### Exercise aim
With pictures left out, write out exactly every line from the start of the data through the one that contains "Building Photo - 303 N 10th Ave".

### Given records

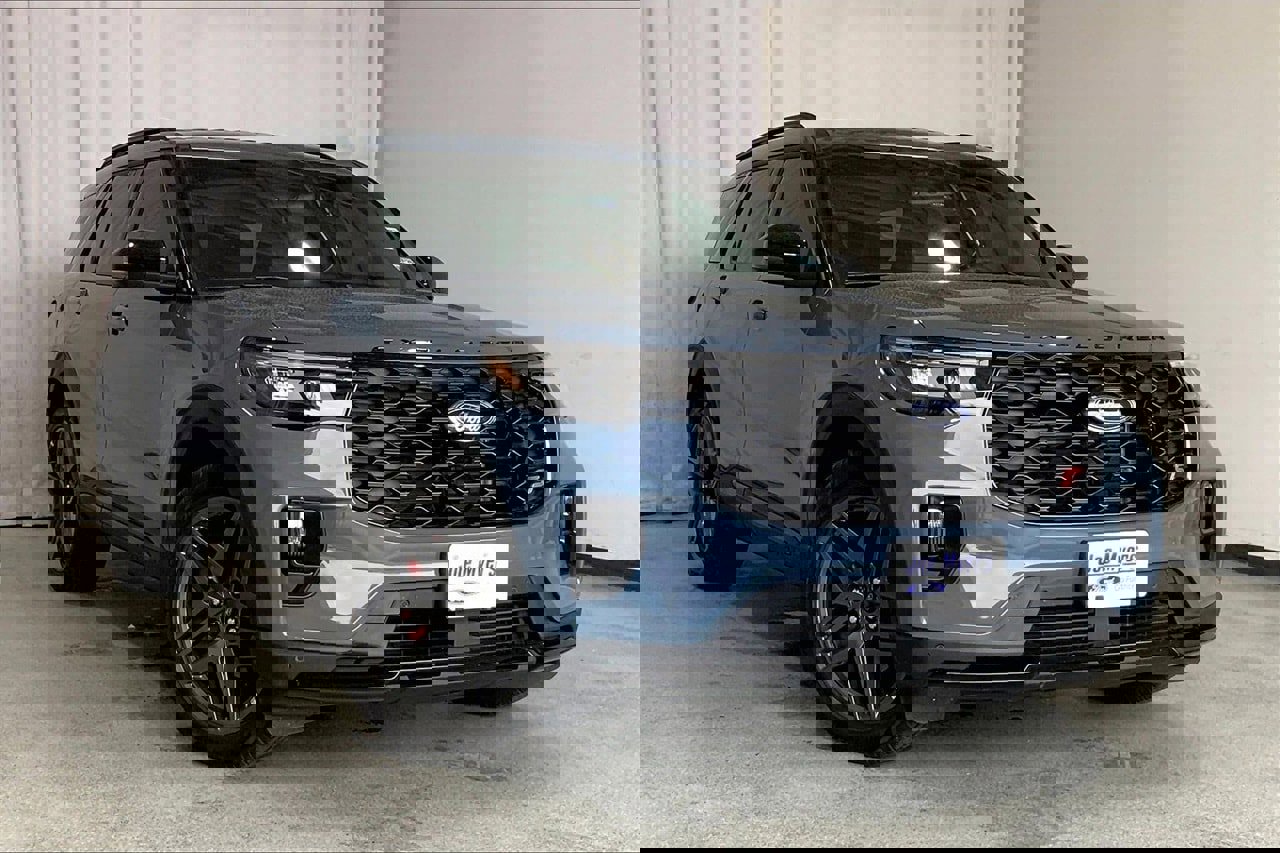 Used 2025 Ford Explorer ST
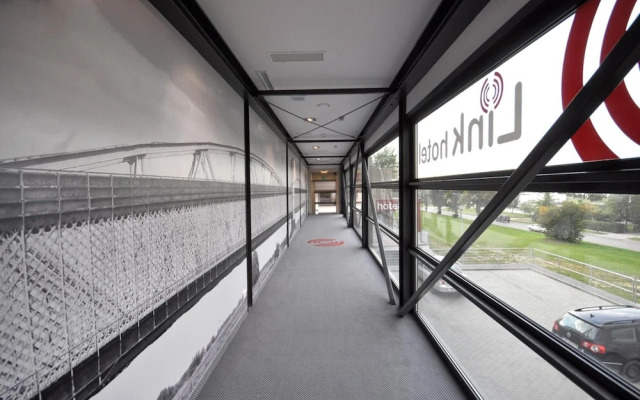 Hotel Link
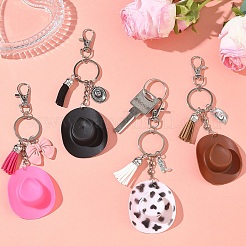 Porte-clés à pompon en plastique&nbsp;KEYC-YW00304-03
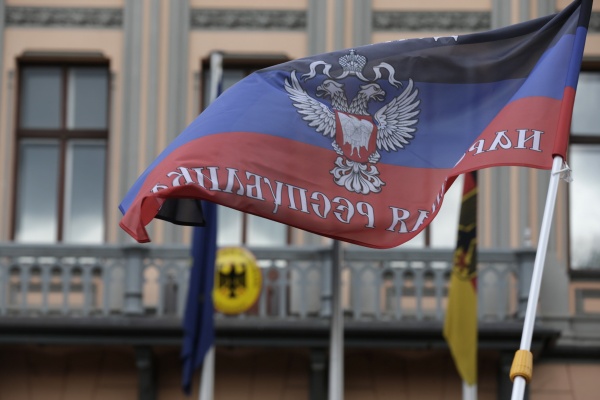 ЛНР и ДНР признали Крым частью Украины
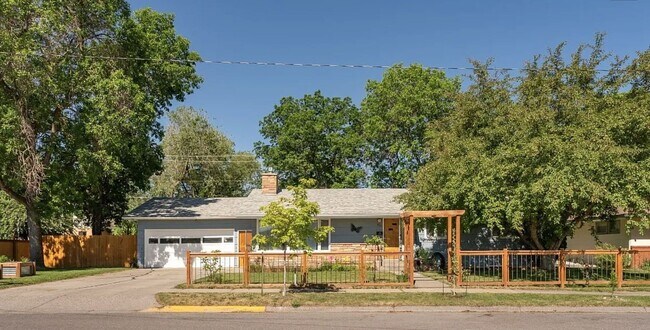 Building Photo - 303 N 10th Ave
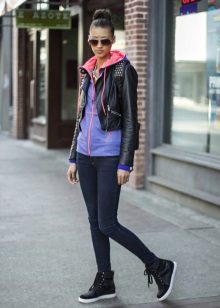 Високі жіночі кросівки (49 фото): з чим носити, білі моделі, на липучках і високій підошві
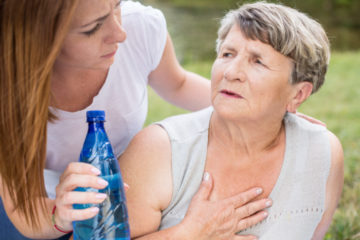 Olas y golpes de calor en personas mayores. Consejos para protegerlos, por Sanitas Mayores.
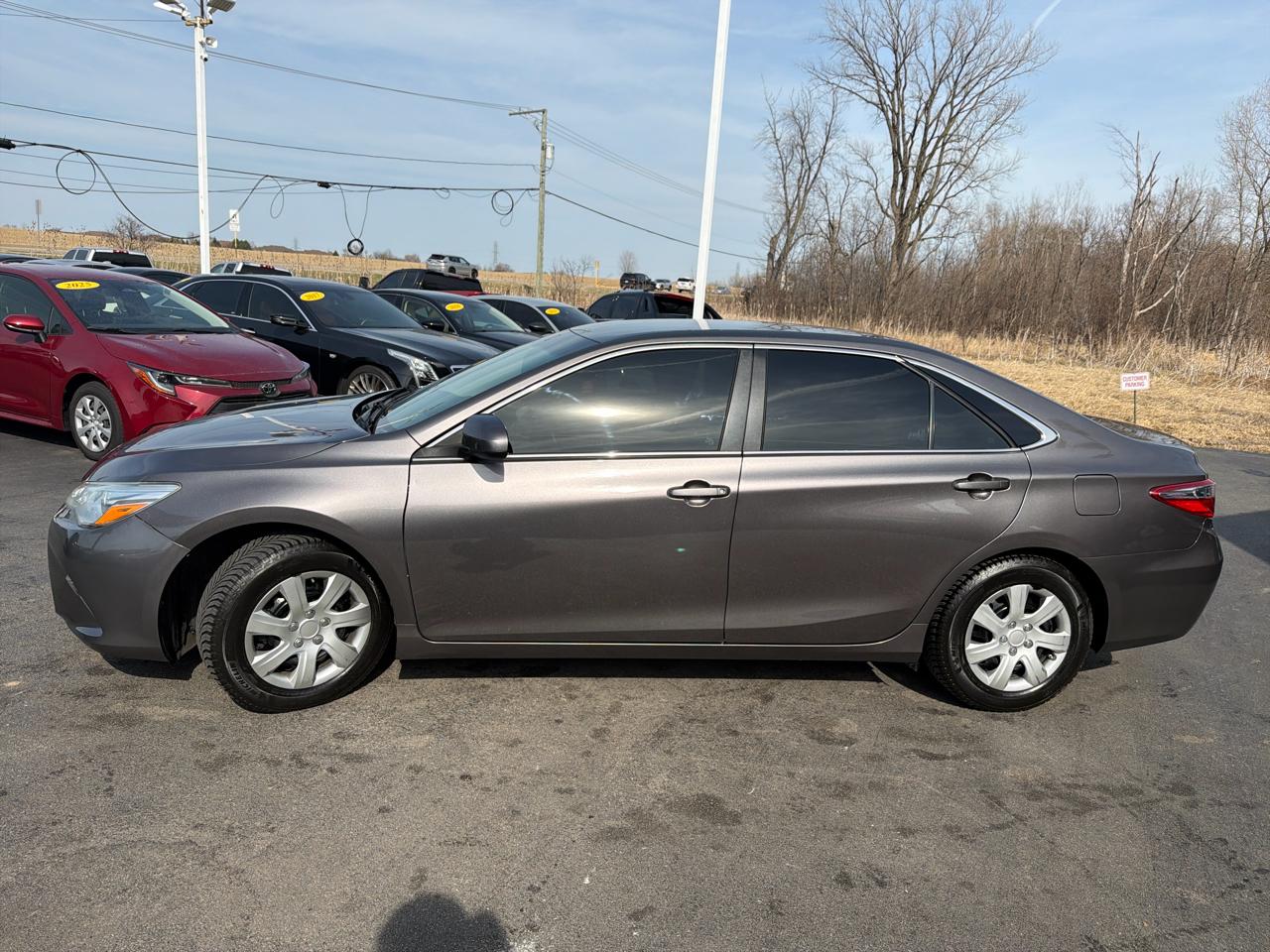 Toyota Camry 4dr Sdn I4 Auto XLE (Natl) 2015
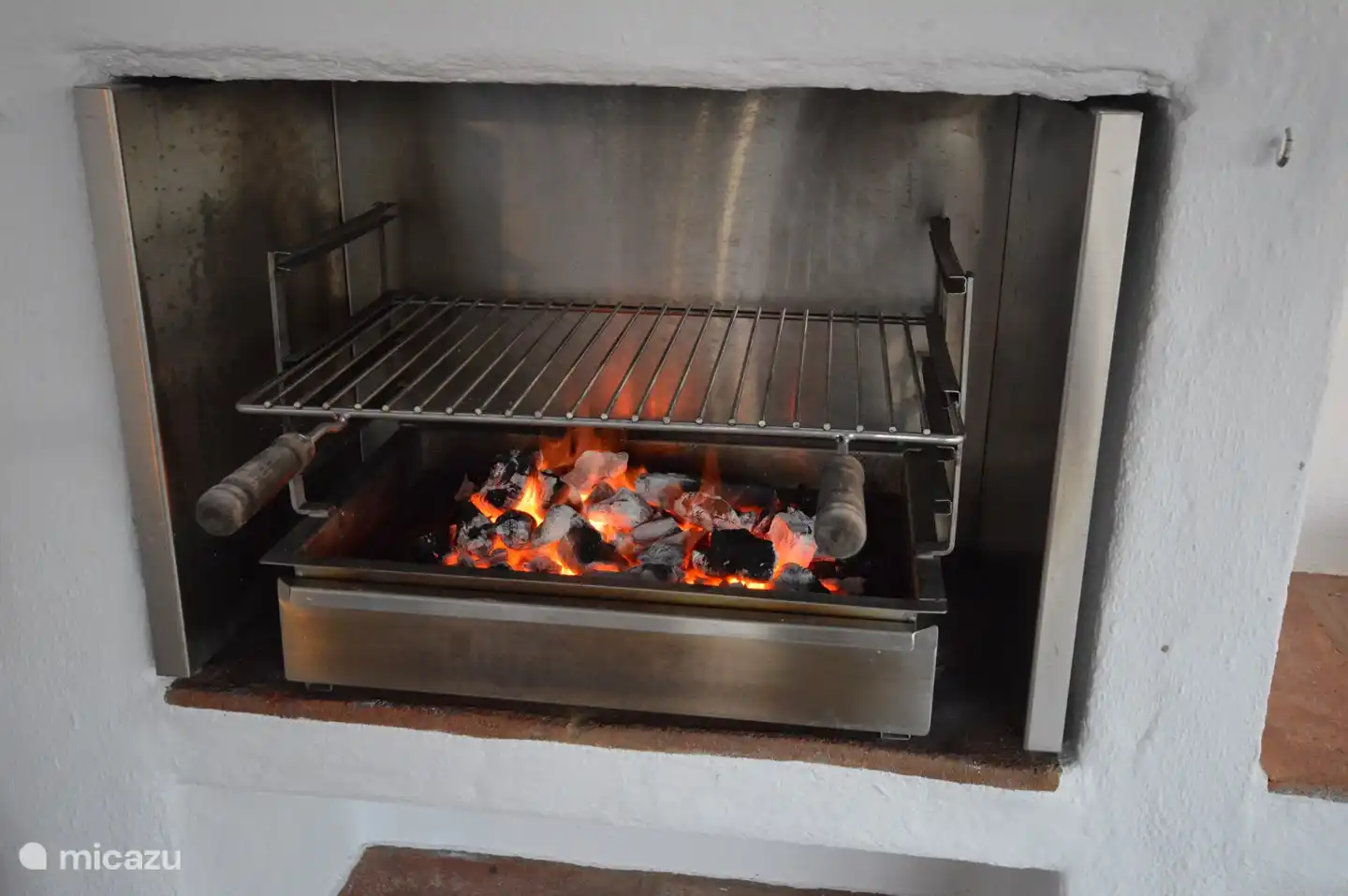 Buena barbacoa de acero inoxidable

### Output for this exercise
 Used 2025 Ford Explorer ST
 Hotel Link
 Porte-clés à pompon en plastique&nbsp;KEYC-YW00304-03
 ЛНР и ДНР признали Крым частью Украины
 Building Photo - 303 N 10th Ave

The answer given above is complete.